Using the records below, repeat exactly the lines from the one holding "Oriflame katalogas akcijos nuo" through the one holding "2025-09-13 | Leidinukas.lt puslapis 16", both ends included, and no others.

Dataset excerpts —
-=-=-=-=-

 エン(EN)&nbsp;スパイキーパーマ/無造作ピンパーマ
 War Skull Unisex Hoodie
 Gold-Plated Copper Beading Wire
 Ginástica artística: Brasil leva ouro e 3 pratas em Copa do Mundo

-=-=-=-=-

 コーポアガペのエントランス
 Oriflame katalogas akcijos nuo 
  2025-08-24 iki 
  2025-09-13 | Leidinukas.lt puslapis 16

-=-=-=-=-

Solved problem —
 Oriflame katalogas akcijos nuo 
  2025-08-24 iki 
  2025-09-13 | Leidinukas.lt puslapis 16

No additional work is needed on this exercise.